How much OS-specific work needs to happen, and how is it distributed?
I'm assuming that the HDMI-in is fairly normal, unless they really broke the EDID/DDC or something(but obviously not going to be very pleasant unless the application drawing to the '1920x1080 monitor' knows that each of my eyes is only getting half of it).
Barring very good reasons(probably involving latency), I'd assume that the camera is just a UVC device; but that actually using it as anything but an expensive webcam requires the OR-specific head-tracking software to have access to it (the meat of which is presumably cross-platform; but DirectShow vs. V4L2 and other interacting-with-the-system stuff won't be).

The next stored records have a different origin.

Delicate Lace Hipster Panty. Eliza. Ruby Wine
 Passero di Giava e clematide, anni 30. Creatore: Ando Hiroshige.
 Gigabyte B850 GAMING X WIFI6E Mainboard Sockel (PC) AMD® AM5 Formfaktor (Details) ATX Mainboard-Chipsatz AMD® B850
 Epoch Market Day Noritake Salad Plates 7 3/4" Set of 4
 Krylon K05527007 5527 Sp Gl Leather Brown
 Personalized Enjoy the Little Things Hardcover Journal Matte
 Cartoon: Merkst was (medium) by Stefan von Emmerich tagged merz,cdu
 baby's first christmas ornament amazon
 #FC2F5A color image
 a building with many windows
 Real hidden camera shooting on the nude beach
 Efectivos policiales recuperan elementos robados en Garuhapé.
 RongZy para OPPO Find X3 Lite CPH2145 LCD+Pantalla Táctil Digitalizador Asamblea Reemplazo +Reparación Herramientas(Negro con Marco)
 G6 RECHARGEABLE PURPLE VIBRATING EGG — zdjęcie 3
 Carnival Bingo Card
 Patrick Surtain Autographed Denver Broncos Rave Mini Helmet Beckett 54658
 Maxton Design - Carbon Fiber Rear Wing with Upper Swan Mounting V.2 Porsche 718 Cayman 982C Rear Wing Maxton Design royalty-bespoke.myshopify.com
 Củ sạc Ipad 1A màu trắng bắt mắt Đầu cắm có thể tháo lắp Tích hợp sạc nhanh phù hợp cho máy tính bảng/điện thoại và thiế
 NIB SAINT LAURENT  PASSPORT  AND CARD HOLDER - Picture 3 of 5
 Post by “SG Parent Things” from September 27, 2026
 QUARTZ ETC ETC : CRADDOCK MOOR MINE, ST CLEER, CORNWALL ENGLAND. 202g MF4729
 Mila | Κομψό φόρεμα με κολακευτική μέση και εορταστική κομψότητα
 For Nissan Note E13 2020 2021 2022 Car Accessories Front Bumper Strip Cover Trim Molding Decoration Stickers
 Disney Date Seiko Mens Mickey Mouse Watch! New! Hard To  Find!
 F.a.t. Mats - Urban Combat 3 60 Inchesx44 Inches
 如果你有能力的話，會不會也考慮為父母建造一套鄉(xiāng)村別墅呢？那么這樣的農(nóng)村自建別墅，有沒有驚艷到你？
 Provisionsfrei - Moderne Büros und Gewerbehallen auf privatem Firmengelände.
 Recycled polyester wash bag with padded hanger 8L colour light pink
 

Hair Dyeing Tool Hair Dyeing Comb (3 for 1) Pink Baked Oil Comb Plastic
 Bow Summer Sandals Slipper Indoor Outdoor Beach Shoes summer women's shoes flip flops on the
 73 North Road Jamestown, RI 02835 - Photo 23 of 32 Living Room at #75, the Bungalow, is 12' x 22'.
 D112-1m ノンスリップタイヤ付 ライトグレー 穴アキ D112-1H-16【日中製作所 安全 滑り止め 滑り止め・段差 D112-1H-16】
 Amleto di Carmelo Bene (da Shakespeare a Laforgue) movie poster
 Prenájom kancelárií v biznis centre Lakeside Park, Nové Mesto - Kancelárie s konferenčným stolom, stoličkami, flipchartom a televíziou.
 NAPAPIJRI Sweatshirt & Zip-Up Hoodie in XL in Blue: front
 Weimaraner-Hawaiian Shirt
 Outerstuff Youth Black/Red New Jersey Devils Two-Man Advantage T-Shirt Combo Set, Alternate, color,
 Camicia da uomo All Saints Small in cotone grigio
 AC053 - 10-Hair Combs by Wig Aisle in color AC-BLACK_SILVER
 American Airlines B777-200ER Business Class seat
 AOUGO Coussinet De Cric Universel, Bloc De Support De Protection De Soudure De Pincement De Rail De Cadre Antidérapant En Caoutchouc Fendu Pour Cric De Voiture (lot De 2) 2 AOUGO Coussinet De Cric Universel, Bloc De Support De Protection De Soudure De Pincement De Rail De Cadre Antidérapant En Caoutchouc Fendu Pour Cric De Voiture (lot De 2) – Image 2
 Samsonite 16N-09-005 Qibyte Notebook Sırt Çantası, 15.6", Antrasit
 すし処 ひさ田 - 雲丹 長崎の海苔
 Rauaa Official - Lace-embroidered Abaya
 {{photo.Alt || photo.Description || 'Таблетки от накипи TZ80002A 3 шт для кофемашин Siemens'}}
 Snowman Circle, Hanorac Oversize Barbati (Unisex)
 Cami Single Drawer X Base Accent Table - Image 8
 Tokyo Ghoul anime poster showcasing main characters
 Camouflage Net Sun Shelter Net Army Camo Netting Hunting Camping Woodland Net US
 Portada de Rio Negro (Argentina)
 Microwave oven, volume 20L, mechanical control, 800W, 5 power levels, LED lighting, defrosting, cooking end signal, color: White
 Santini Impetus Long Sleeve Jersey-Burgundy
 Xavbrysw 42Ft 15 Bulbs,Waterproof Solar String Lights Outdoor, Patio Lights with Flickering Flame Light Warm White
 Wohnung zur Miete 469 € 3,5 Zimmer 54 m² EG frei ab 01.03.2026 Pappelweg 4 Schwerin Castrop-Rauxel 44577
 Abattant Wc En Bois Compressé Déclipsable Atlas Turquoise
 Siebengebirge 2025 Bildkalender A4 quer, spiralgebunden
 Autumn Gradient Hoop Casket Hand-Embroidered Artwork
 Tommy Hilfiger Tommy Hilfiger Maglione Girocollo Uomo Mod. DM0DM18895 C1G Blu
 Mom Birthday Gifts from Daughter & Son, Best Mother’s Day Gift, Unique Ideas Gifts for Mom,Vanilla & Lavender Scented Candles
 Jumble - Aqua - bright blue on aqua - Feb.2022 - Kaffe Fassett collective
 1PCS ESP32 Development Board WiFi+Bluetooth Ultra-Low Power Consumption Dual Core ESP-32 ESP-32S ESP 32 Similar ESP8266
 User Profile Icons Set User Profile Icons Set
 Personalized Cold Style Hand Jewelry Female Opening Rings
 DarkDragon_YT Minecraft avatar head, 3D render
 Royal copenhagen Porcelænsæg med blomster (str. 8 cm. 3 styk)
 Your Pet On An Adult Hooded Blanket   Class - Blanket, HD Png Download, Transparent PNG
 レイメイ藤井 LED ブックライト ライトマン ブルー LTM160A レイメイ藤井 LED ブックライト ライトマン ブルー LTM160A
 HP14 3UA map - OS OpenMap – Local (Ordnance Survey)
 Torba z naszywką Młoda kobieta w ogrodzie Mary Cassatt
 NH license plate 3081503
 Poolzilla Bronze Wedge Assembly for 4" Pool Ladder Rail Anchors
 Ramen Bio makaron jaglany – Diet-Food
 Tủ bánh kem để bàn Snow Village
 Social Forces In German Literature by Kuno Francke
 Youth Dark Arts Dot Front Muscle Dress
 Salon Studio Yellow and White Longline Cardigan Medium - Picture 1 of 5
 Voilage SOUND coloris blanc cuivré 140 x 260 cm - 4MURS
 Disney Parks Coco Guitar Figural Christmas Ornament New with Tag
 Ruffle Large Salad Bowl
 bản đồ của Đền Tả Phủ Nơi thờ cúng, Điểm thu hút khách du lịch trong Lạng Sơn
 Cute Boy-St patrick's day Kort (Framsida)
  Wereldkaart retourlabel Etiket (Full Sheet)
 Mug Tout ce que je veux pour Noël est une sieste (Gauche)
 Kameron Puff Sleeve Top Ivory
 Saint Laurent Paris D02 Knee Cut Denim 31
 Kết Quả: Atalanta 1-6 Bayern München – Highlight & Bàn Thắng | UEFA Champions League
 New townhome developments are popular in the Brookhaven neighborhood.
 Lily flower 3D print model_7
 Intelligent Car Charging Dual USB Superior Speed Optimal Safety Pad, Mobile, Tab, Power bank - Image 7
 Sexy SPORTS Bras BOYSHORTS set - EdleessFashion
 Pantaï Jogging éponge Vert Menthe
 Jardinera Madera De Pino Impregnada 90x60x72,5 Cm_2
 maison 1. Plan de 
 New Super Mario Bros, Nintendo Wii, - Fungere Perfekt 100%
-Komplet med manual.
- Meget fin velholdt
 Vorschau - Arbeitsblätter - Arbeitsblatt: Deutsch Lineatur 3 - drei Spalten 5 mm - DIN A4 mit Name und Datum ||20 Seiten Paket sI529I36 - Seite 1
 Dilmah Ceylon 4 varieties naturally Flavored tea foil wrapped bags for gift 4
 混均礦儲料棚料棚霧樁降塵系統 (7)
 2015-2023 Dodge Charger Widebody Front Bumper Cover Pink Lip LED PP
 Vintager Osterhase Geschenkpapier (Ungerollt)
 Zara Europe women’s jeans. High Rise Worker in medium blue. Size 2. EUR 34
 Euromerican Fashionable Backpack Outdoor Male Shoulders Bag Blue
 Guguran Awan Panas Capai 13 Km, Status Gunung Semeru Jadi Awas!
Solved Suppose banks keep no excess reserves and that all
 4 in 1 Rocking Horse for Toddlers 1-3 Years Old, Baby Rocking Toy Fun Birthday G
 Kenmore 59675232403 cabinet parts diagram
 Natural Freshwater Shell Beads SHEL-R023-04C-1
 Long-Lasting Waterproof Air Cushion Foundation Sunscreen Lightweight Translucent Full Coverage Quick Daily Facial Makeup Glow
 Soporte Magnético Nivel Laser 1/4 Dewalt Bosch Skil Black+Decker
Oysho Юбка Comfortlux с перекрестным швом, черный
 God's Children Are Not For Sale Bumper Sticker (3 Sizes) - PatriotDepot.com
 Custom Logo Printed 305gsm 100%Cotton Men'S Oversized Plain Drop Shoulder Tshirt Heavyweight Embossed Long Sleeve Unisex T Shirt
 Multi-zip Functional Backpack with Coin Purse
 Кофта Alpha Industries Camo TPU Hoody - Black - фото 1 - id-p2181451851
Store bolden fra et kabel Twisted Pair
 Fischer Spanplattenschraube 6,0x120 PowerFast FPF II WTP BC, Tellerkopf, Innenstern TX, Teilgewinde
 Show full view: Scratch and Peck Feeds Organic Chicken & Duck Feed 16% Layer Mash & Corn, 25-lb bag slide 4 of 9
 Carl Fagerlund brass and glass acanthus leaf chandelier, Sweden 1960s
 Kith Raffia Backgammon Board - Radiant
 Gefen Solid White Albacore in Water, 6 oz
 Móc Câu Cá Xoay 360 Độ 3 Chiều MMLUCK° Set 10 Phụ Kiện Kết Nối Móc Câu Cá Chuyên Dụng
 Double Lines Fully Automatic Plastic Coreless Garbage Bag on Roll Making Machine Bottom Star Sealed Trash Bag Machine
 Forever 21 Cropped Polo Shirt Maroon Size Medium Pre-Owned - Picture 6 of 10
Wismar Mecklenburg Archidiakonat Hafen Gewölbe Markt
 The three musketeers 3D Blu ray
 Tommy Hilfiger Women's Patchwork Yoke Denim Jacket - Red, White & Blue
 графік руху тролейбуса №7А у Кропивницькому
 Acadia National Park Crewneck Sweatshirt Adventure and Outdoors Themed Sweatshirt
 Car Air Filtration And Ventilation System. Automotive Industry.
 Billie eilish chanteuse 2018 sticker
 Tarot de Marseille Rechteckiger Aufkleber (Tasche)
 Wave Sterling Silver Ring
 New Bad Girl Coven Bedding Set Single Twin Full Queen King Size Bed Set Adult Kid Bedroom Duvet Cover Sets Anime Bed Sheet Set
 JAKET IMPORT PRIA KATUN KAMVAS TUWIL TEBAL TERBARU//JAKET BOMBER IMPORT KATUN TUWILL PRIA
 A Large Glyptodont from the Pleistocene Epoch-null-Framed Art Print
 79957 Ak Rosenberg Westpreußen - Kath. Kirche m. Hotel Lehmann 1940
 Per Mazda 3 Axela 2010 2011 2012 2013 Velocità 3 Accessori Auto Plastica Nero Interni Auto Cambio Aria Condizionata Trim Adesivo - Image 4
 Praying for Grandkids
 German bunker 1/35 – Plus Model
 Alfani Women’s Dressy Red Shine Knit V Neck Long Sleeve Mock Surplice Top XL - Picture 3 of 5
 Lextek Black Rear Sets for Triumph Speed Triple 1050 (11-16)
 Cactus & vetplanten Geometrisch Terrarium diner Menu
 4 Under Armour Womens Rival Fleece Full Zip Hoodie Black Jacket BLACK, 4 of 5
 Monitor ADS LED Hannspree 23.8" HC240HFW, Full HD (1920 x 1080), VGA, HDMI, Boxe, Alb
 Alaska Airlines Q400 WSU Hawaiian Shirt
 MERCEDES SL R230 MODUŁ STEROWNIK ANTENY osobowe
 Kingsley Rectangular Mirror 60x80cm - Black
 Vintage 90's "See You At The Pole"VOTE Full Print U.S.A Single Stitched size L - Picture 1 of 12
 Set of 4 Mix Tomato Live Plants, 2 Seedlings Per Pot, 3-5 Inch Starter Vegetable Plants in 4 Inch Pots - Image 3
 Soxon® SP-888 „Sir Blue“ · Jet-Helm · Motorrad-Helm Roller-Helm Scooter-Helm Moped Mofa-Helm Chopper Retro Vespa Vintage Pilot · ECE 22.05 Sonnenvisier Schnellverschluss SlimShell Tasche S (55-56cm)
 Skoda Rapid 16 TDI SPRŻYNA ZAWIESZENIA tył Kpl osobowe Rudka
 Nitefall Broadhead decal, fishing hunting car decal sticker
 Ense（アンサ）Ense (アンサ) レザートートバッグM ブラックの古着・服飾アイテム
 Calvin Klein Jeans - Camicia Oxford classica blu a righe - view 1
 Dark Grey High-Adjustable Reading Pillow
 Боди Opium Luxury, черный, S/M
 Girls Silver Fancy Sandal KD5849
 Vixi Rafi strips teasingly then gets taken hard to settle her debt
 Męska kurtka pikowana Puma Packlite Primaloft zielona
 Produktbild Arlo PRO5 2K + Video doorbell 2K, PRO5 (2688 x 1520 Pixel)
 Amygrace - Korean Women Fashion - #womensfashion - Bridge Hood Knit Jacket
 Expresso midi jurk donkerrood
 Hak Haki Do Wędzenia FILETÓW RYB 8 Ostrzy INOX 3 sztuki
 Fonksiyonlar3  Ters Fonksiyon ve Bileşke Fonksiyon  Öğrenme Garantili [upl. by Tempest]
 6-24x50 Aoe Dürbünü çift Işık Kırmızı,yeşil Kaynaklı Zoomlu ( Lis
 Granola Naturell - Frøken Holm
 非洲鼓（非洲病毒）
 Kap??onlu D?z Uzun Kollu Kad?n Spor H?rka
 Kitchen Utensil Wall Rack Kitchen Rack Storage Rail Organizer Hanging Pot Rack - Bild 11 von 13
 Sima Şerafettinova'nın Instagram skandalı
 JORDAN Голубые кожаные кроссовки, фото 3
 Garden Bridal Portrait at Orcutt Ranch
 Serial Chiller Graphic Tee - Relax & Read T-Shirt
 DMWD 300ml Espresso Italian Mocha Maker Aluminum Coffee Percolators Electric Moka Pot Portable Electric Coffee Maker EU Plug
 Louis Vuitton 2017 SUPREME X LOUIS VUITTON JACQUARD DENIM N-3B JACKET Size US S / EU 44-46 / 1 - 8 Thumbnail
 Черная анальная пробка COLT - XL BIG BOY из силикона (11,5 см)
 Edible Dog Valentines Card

The headset's USB interface presumably needs a specific driver, since 'read the outputs of a bunch of sensors and also firmware update' isn't exactly a USB Device Class; but would presumably be a comparatively lightweight 'wrap the sensor outputs and get them to the host as quickly as possible' thing, with the bulk of the motion and position tracking logic being mostly OS independent except for the layers it has to interact with to get headset and camera data.
Is this largely the extent of it (2 mostly standard interface, one device specific driver, plus having the motion and position tracking software running on Linux and interacting with the OS-specific interfaces to the drivers)? Do I fundamentally misunderstand how work is broken up within the Oculus system? Do I basically understand it; but it turns out that latency demands are so stringent that a variety of brutal modifications to the typical OS graphics system and GPU drivers are also required?
The problem isn't the OS support - in fact, it's possible the OR uses standard USB interfaces.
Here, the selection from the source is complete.